RAW DATA
Content starts

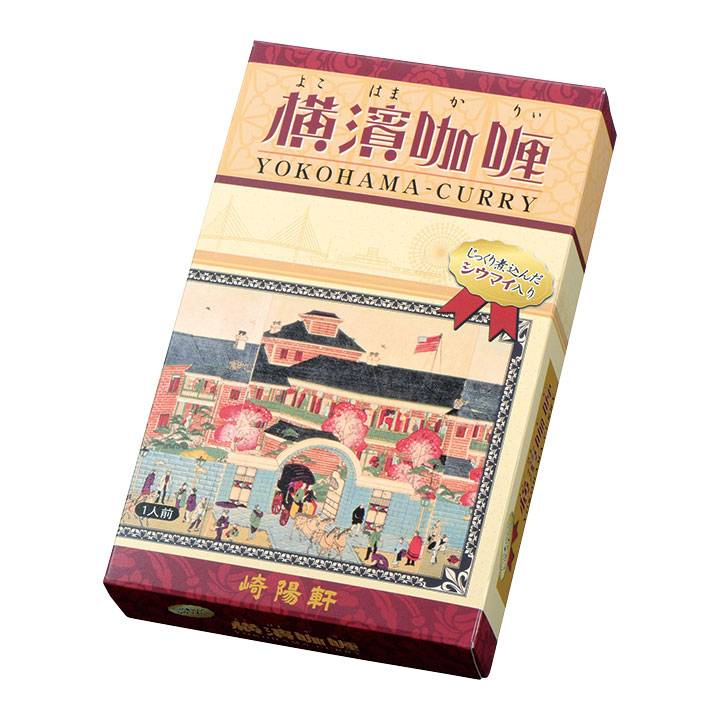 崎陽軒 横濱かりぃ カレー お取り寄せ シウマイ入り 1人前 お中元 お歳暮 中華街 横浜 お土産 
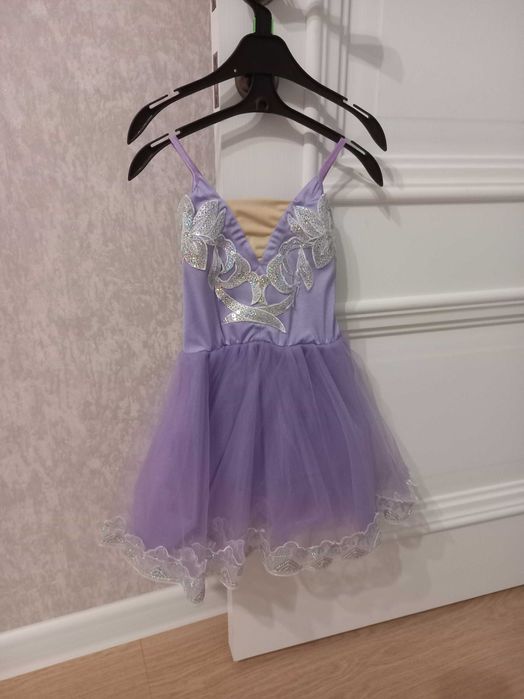 Балетное платье для девочек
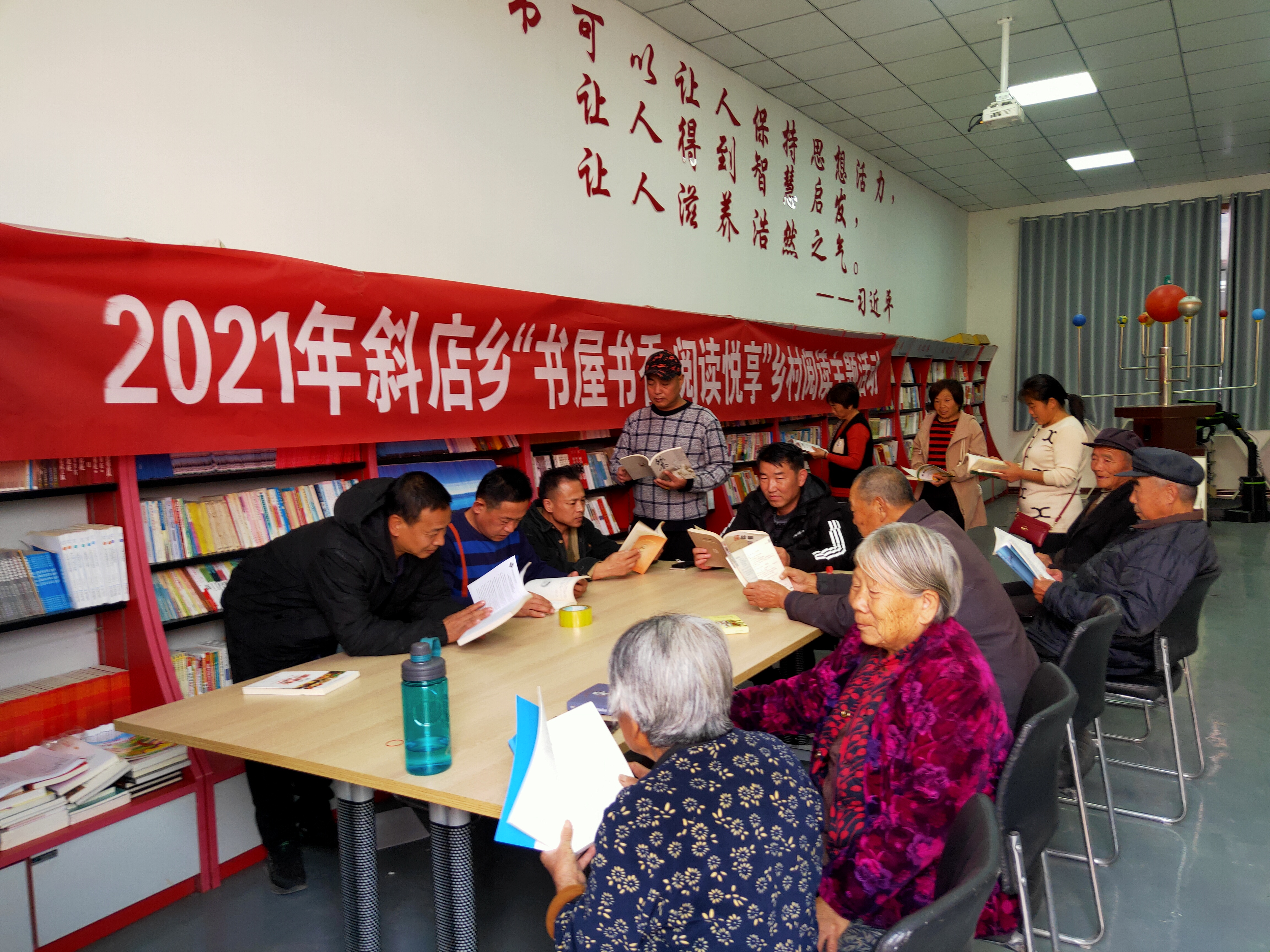 前社庄10 (8).jpg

Content ends

YOUR ASSIGNMENT
Leave out the pictures and return the listing exactly.

TASK OUTPUT
 崎陽軒 横濱かりぃ カレー お取り寄せ シウマイ入り 1人前 お中元 お歳暮 中華街 横浜 お土産 
 Балетное платье для девочек
 前社庄10 (8).jpg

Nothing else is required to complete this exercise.